## [EXERCISE GOAL]
For the data that follows, print the line with "- Pieters Fightgear", the line with "Adidas SL72 RS", and all lines between them, exactly as they stand. Omit pictures and add nothing.

## [MATERIAL PROVIDED]
'''

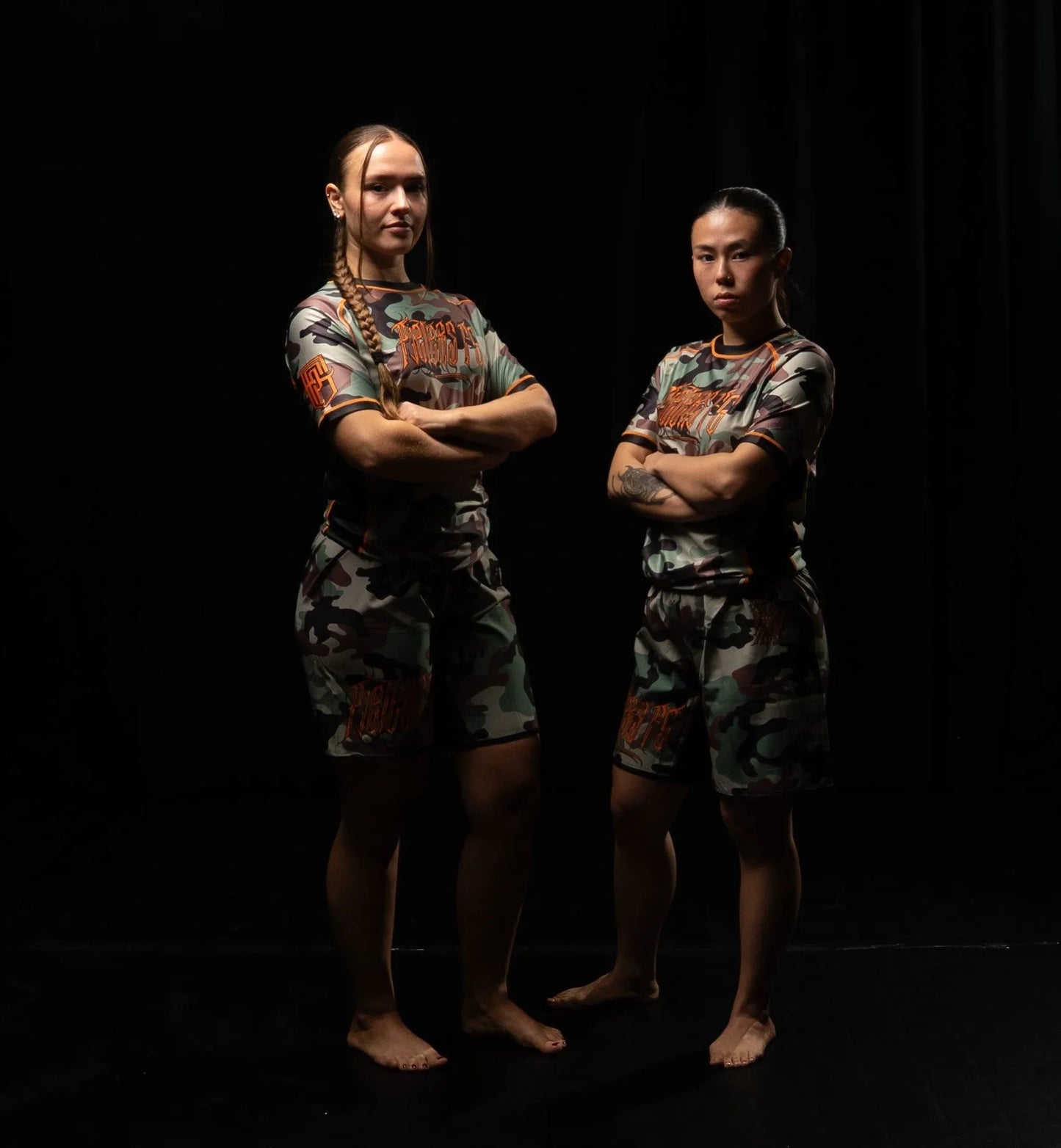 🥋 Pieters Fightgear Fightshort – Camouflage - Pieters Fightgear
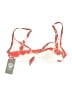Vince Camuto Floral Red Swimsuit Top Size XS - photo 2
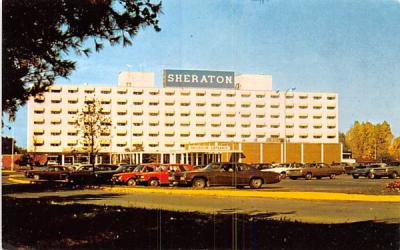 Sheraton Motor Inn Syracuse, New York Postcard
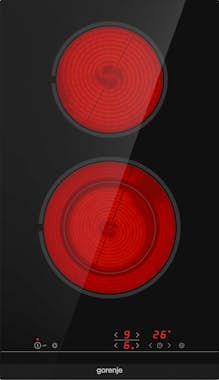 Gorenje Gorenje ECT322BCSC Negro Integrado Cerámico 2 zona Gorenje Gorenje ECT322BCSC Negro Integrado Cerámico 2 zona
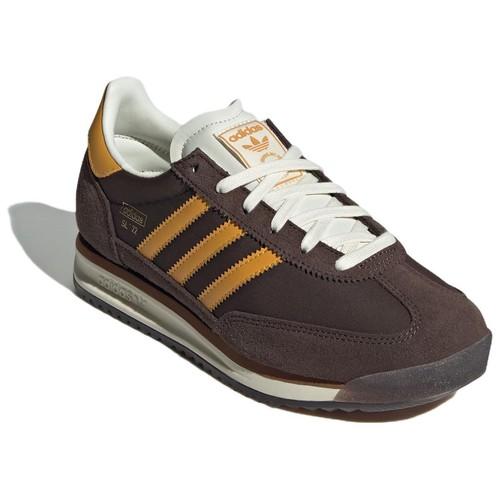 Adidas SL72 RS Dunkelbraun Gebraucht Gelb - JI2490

'''
'''

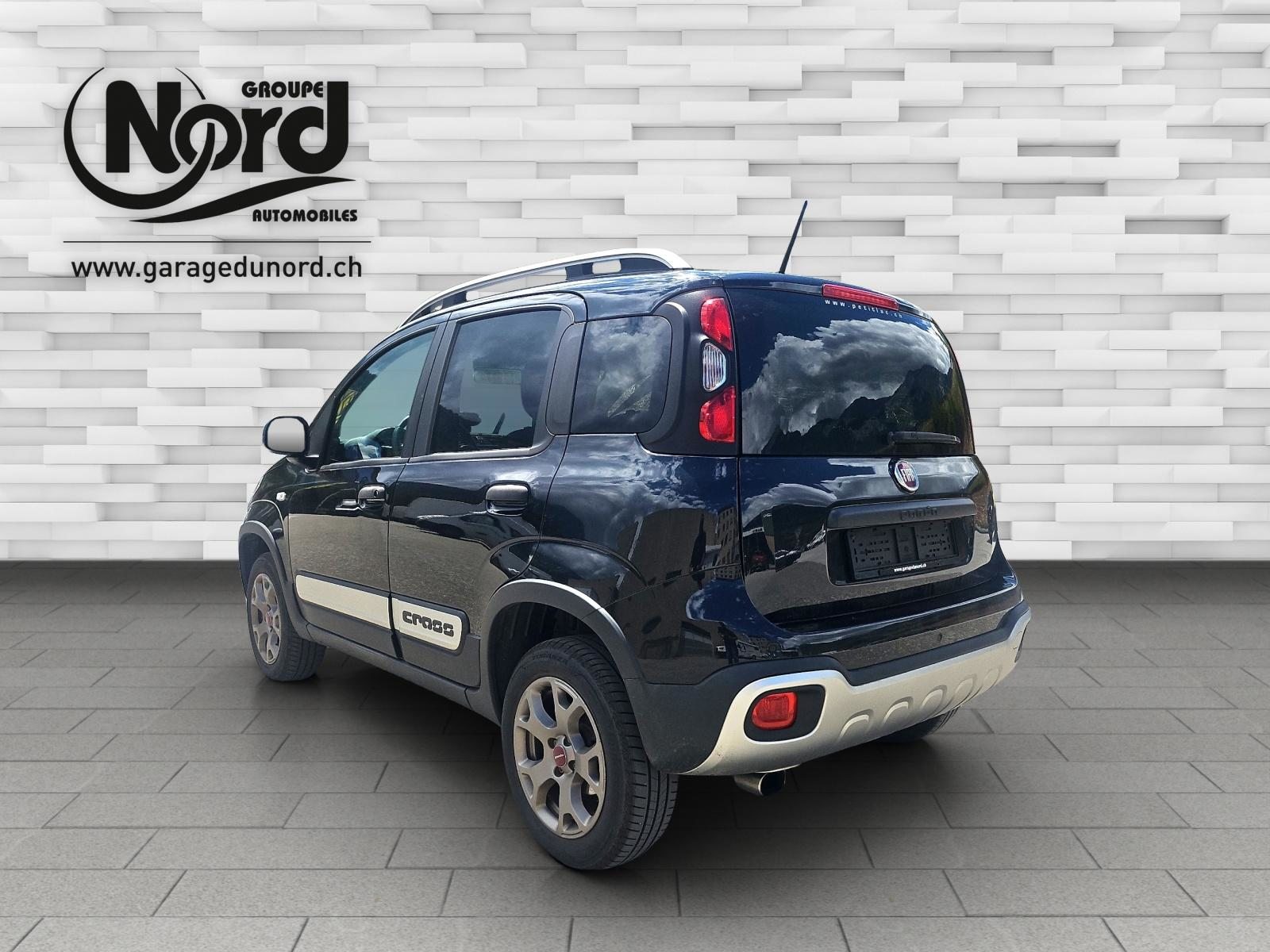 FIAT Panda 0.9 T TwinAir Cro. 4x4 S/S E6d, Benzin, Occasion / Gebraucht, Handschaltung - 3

'''

## [WORKED SOLUTION]
 🥋 Pieters Fightgear Fightshort – Camouflage - Pieters Fightgear
Vince Camuto Floral Red Swimsuit Top Size XS - photo 2
 Sheraton Motor Inn Syracuse, New York Postcard
 Gorenje Gorenje ECT322BCSC Negro Integrado Cerámico 2 zona Gorenje Gorenje ECT322BCSC Negro Integrado Cerámico 2 zona
 Adidas SL72 RS Dunkelbraun Gebraucht Gelb - JI2490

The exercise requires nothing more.